以降にて、上記2.債務者区分判定、3.債権分類、4.貸倒引当金算定に関する詳細な説明をします。
 

2. 債務者区分判定

債務者区分とは、債務者を正常先、要注意先、要管理先、破綻懸念先、実質破綻先及び破綻先の区分するものです。債務者区分判定結果によって、貸倒引当金算定にあたっての計上対象となる債権金額や適用される予想損失率等が異なるため、慎重に検討する必要があります。

なお、金融庁のディスカッション・ペーパー「検査マニュアル廃止後の融資に関する検査・監督の考え方と進め方」(以下、金融庁DP)に基づき、各債務者区分の定義をまとめると以下の通りです。個々の債務者の財務状況、経営成績、返済能力、その他定性情報等に基づき、いずれの債務者区分にあてはまるかを検討することになります。

3.  債権分類

債務者区分判定の後、各債務者に対して実行する債権に関して、担保や保証の有無等に基づいた回収可能性に応じて債権分類を実施します。債務者区分判定及び債権分類の結果が貸倒引当金の算定結果に影響を及ぼします。なお、以下は旧金融検査マニュアルにおける債権分類の定義になります。

分類

定義

Ⅰ分類(非分類)

「Ⅱ分類、Ⅲ分類及びⅣ分類としない資産」であり、回収の危険性又は価値の毀損の危険性について、問題のない資産である。

Ⅱ分類

「債権確保上の諸条件が満足に充たされないため、あるいは、信用上疑義が存する等の理由により、その回収について通常の度合いを超える危険を含むと認められる債権等の資産」である。なお、Ⅱ分類とするものには、一般担保・保証で保全されているものと保全されていないものとがある。

Ⅲ分類

「最終の回収又は価値について重大な懸念が存し、従って損失の可能性が高いが、その損失額について合理的な推計が困難な資産」である。ただし、Ⅲ分類については、金融機関にとって損失額の推計が全く不可能とするものではなく、個々の資産の状況に精通している金融機関自らのルールと判断により損失額を見積ることが適当とされるものである。

Ⅳ分類

「回収不可能又は無価値と判定される資産」である。なお、Ⅳ分類については、その資産が絶対的に回収不可能又は無価値であるとするものではなく、また、将来において部分的な回収があり得るとしても、基本的に、査定基準日において回収不可能又は無価値と判定できる資産である。
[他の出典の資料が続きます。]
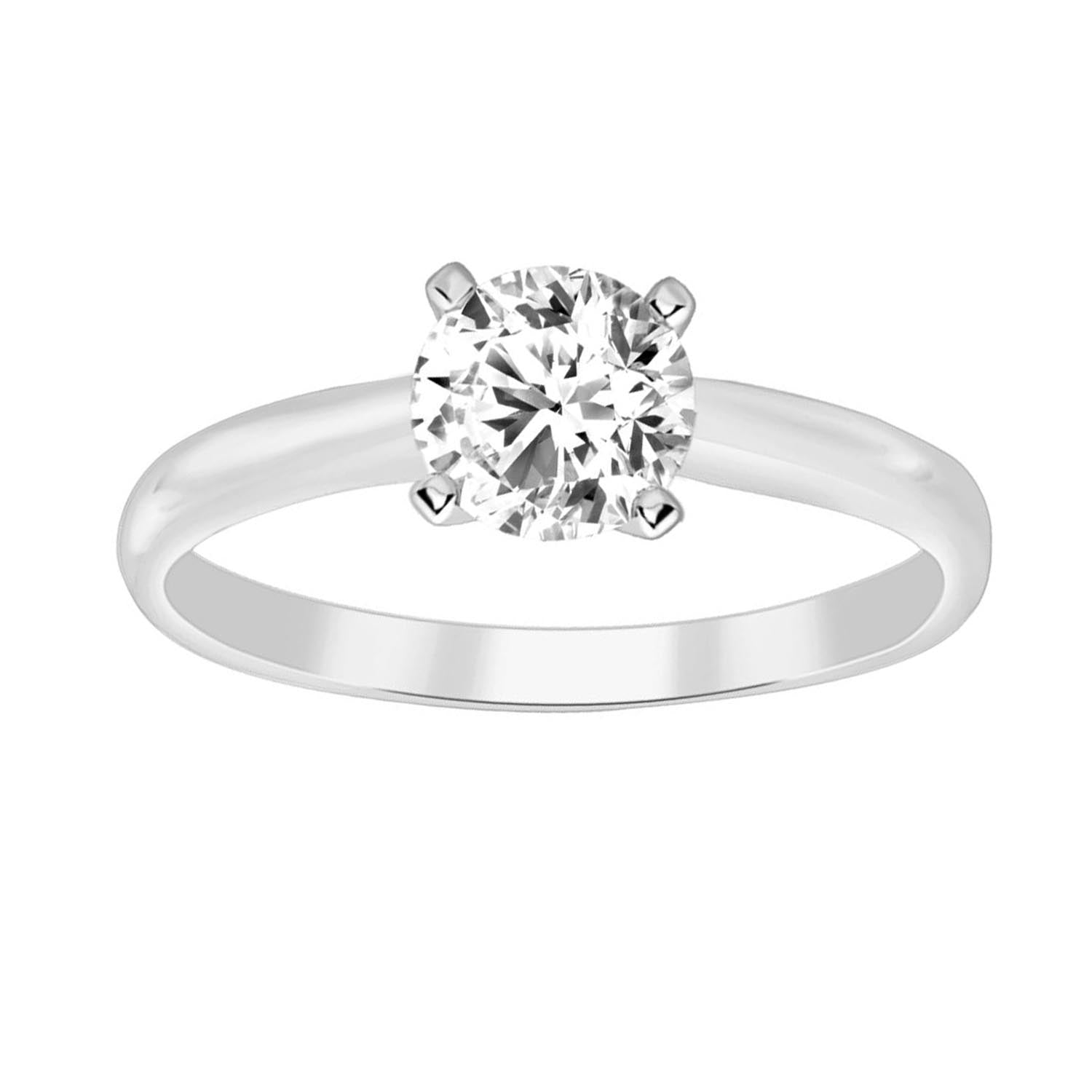 LADIES SOLITAIRE RING 0.33CT ROUND DIAMOND 14K WHITE GOLD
以下は、債務者区分と債権分類の関係を示した図になります。例えば、正常先に対する債権については全額非分類となり、要注意先以下に対する債権であったとしても優良担保・優良保証による保全部分については非分類となり、保全されていない場合と比較し貸倒引当金の計上金額がより減額されることになります。貸倒引当金は、主に債権残高に予想損失率を乗じることによって算定されますが、債務者区分判定及び債権分類を実施することで、貸倒引当金算定の基礎となる債権残高を把握することになります。
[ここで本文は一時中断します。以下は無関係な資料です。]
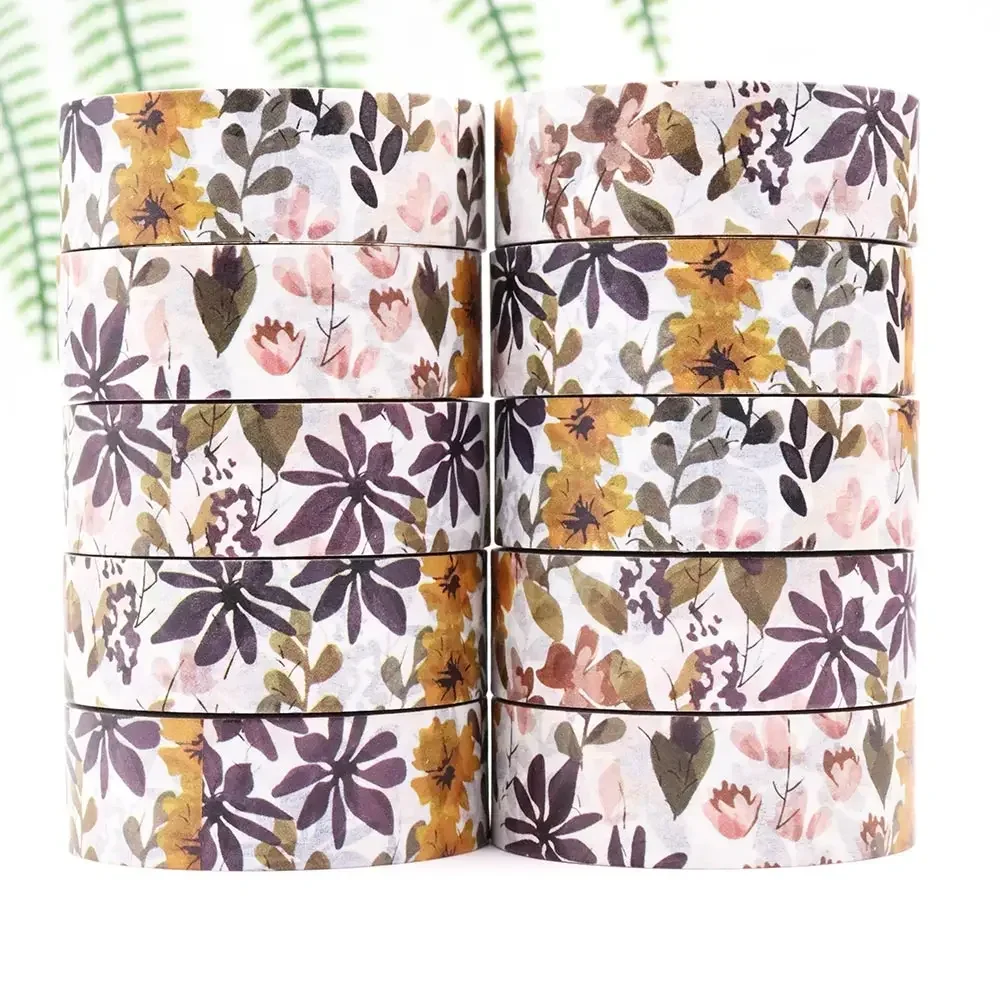 NEW 1PC 15mm x 10m Colourful Tape Floral Leaves Masking Adhesive Washi Tapes office supplies scrapbooking stationary tapes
(※)要注意先の場合、原則として正常な運転資金と認められる債権もⅠ分類(非分類)となる。

4. 貸倒引当金算定

このように各債務者区分判定結果や債権分類結果に応じて貸倒引当金を算定することになります。自己査定を通じて分類された債権額に予想損失率を乗じることで貸倒引当金を計上する場合や、一部の債務者に関してDCF法に基づき貸倒引当金を計上する場合などがあります。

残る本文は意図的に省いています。